I worked in newsrooms for most of 30 years, with a couple of breaks for grad school and political campaign work. I can say with confidence that I can count on one hand the conservatives I worked with during those years in mainstream news.

They fall into two categories: those with whom I worked in the early 1970s who were relics of the days when you might actually find a conservative in a newsroom, and a couple in the 1990s who, like me, had made a gradual transition from left to right.

One thing became clear to me: while outright socialists and even communist-sympathizing reporters (these became visible during the Sandinista-Iran-Contra period) and editors were viewed as benign, any conservative news person was considered a threat to journalism itself. You just couldn’t be an unbiased and objective reporter or editor if you had any conservative political leanings at all, was the common view.

Once my conservative views became known in the newsroom every decision I made was explained with, “Well, you know he’s a conservative now, don’t you?” That’s an actual comment from one of our aging lefties after I mandated that if we were going to call conservative groups conservative in news stories, then we had to call liberal groups liberal. My attempt to rid the paper of bias was seen, strangely, as evidence of my bias.

I thought of that experience over the weekend as the Fox News interview with former President Bill Clinton aired. Chris Wallace of Fox News Sunday asked Clinton what he thought about the view that he didn’t do enough to catch Osama bin Laden in the 1990s. Clinton’s red-faced, finger-wagging and fact-bending reaction is already legend. In addition to claiming that various “right-wingers” were conspiring to besmirch his legacy, he also accused Fox News of bias for asking the question.

Let’s examine that for a moment.

Clinton had been interviewed by numerous networks and mainstream publications in the two weeks leading up to his Clinton Global Initiative conference in New York last week, and not one of the esteemed objective journalists had asked him this very pertinent question.

Instead, viewers and readers got lots of fawning and gushing, the two most nausea-producing performances coming from MSNBC wildman Keith Olbermann and Today Show host Meredith Vieira. Even Tim Russert, widely described as one of the media’s toughers interviewers, avoided the touchy but appropriate question that Wallace posed.

So, who is the responsible journalist here? The many “big names” too afraid or too supportive of Clinton to ask a tough question, or the one person who felt that including this one question among a list of questions was the journalistically responsible thing to do? Who was being objective and unbiased and who was not? I think we know the answer to that question.

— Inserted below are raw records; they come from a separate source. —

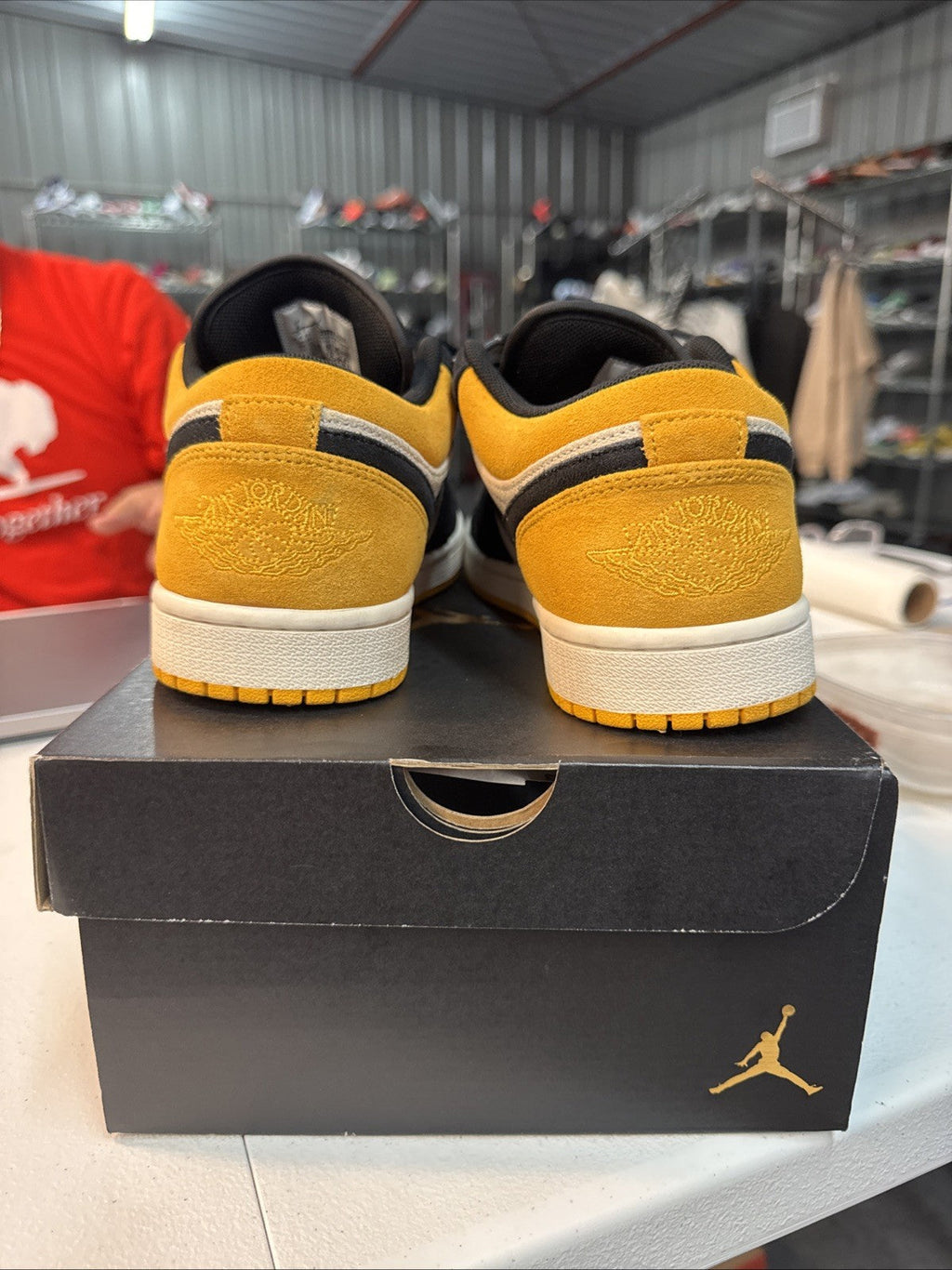 JORDAN 1 Low Sail University Gold Black - Size 8 - product image from the listing.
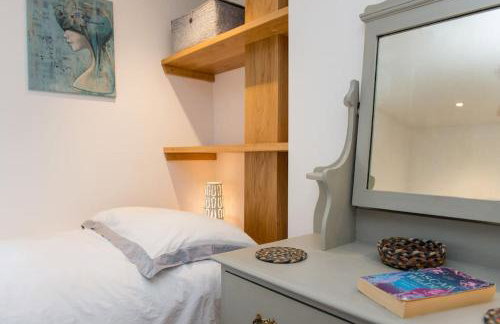 Lovely Cottage by Coastal Footpath & Surf Beaches! - Photo 30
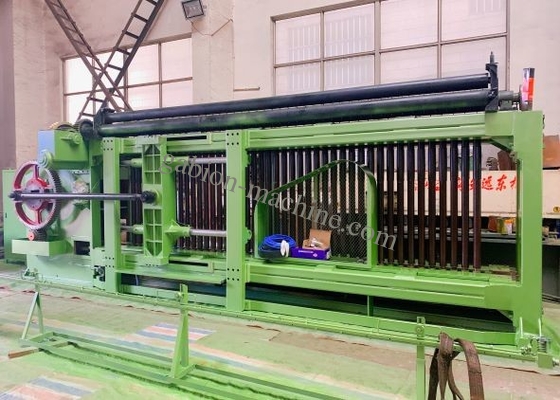 購入 山腹のための2.6mmの熱い電流を通されたワイヤーが付いている低雑音の六角形の得る機械 オンライン製造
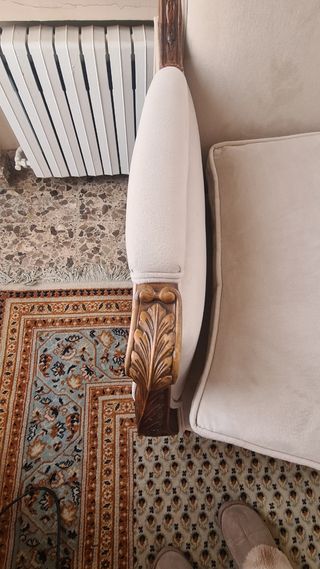 Sofá y sillones nogal labrado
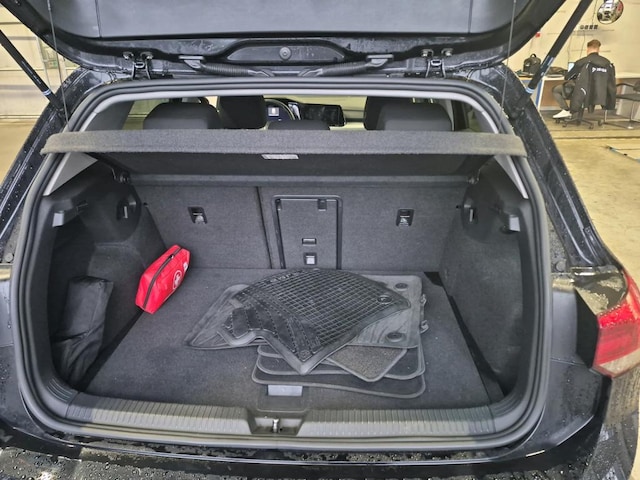 Volkswagen Golf 1.5 eTSI DSG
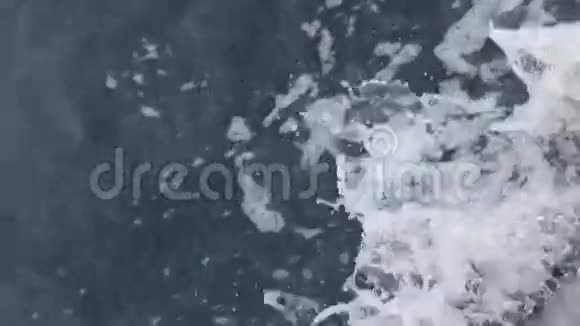 在希腊海浪翻船在总计划中视频的预览图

Still, Clinton and his defenders in the lefty blogosphere called Wallace a tool of the right for doing what responsible journalists are supposed to do. Just as I was accused of bias for trying to pull the pendulum back to the middle in my own newsroom, Wallace is accused of bias for refusing to engage in the biased journalism that is the norm in the mainstream media.

In the last analysis, here’s the mainsteam media’s definition of bias: any attempt to include conservative views, any effort to be equally accommodating of conservative groups, and asking tough questions of those on both sides.

The left constantly ridicules Fox News’ “fair and balanced” slogan, but this incident shows why it is accurate. The major networks and other mainstream media stars abdicated their responsibility as journalists, either through fear or personal bias. Wallace didn’t.

Fair and balanced, indeed.

Jon Ham is vice president of the John Locke Foundation and publisher of its newspaper Carolina Journal.